Gov. Gordon has been pushing hard on this point, urging lawmakers to back what he described as coherent recommendations to improve Wyoming’s ability to hit fires early — when they’re still small enough to knock down.

Whether the Legislature goes along in February is the real question, but the committee’s sponsorship votes show wildfire policy is moving from “seasonal emergency” into “permanent state priority.”

One theme popped up again and again: Washington is shifting costs to the states, and Wyoming agencies are already writing the bill.

The clearest example: the Wyoming Department of Family Services (DFS) and the Supplemental Nutrition Assistance Program (SNAP).

DFS told lawmakers it needs state money to cover reductions in federal support starting next October under the Trump administration’s One Big Beautiful Bill Act. About 28,000 Wyoming residents — mostly kids — rely on SNAP for groceries.

DFS is also asking the Legislature to keep funding a SNAP nutrition-education program that would otherwise be eliminated. Director Korin Schmidt described it as a practical, ground-level effort to help low-income families stretch food dollars and build healthier habits.

Gov. Gordon has urged lawmakers to spend $5.5 million to soften the SNAP blow.

And then there’s Wyoming PBS, which is staring down a $3 million shortfall after Congress rescinded $9 billion in previously allocated funds in July, wiping out federal support for NPR/PBS and their member stations.

Wyoming PBS CEO Joanna Kail didn’t just ask for help — she also defended Wyoming’s congressional delegation for voting to cut the funding, arguing public broadcasting lost trust by dismissing concerns about bias. Now, she’s asking state lawmakers to backfill the hole anyway.

Bottom line: Wyoming’s budget isn’t just about Wyoming anymore. It’s also about what the federal government stops paying for.

The Department of Corrections came with a very direct request: $9.3 million one-time to cover costs tied to sending inmates out of state.

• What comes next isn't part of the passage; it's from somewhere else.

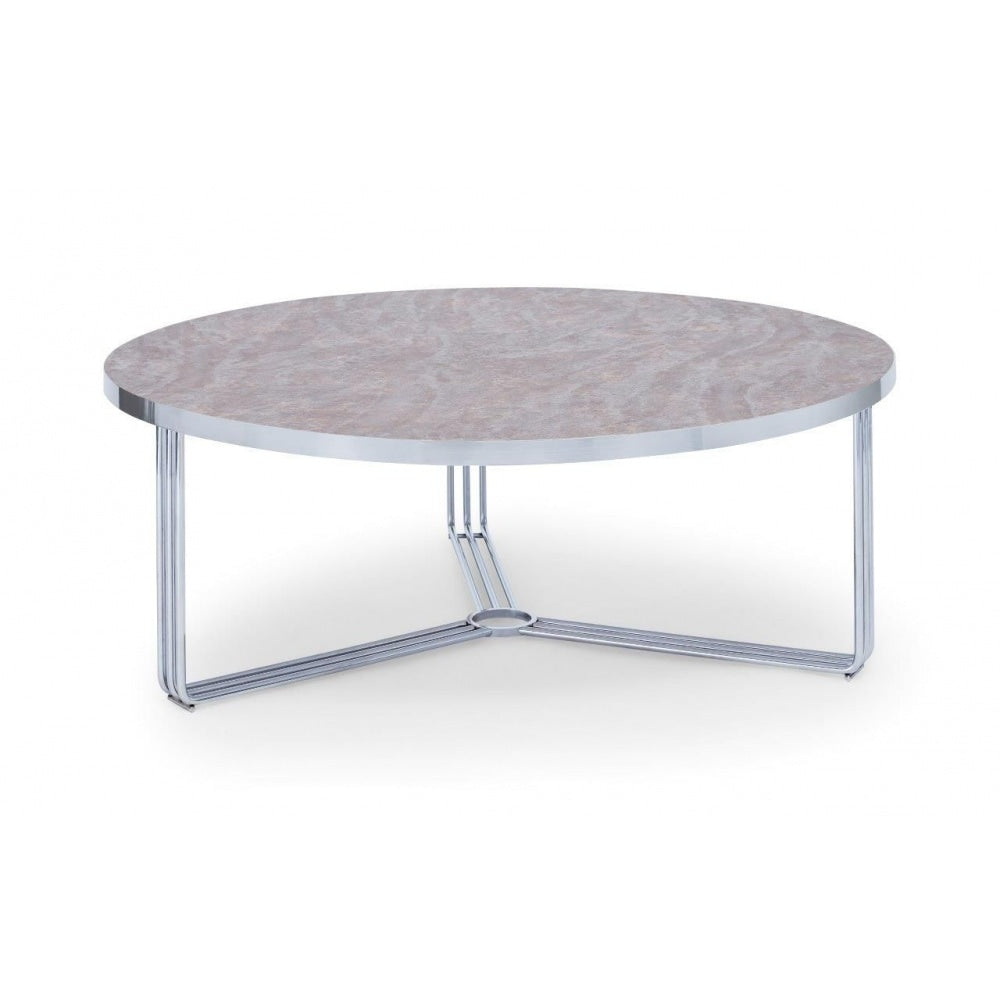 Deco - Large Circular Coffee Table With Various Stone Tops and Frame Colour Options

Back in 2023, staffing shortages pushed Wyoming to send 240 inmates to a private prison in Mississippi. As of now, 128 are still there, according to Director Dan Shannon. The money would help cover out-of-facility housing and transportation to bring inmates back once staffing stabilizes.

But what didn’t come up in the hearing? A serious, ongoing lawsuit involving the Wyoming Women’s Center in Lusk, where in the last five years three former prison guards have been convicted of sexually assaulting inmates.

A woman filed a federal lawsuit in August alleging “deliberate indifference” by staff and leadership. Recent filings also point to a 2023 federal audit flagging issues like camera blind spots and incomplete investigations of abuse allegations. The Wyoming Attorney General’s office is trying to dismiss the case.

Lawmakers had the corrections director in the room — and didn’t touch it.

Sometimes that silence is its own kind of statement.

In the middle of all the budget talk, several Freedom Caucus members showed up on Wednesdays wearing red blazers — a coordinated look that, in a statehouse, always becomes a message whether people admit it or not.

House Appropriations Chair John Bear, R-Gillette, said the point wasn’t revolutionary cosplay. It was fiscal warning: red as in “in the red,” signaling concern about Wyoming’s long-term financial forecast.

Sen. Mike Gierau, D-Jackson, was happy to accept the clarification — while still landing a joke. He told Bear he thought they were promoting Ken Burns’ new PBS series on the American Revolution, adding that the night before, the show featured “a big can of whoop ass” being opened on redcoats at Yorktown.

To make it even more confusing, Rep. Trey Sherwood, D-Laramie, wore red too — but apparently as a nod to Mean Girls (“on Wednesdays we wear pink,” except Wyoming version).

Budget hearings: deadly serious, occasionally absurd, always Wyoming.

The JAC returns Jan. 5 for two more weeks. Week one is the remaining agency presentations. Week two is where lawmakers start making real decisions on what the committee’s budget bill will look like.

Financial forecasters will also bring updated numbers — which means the mood in the room could shift fast.

Because in Wyoming budgeting, the math always gets the last word.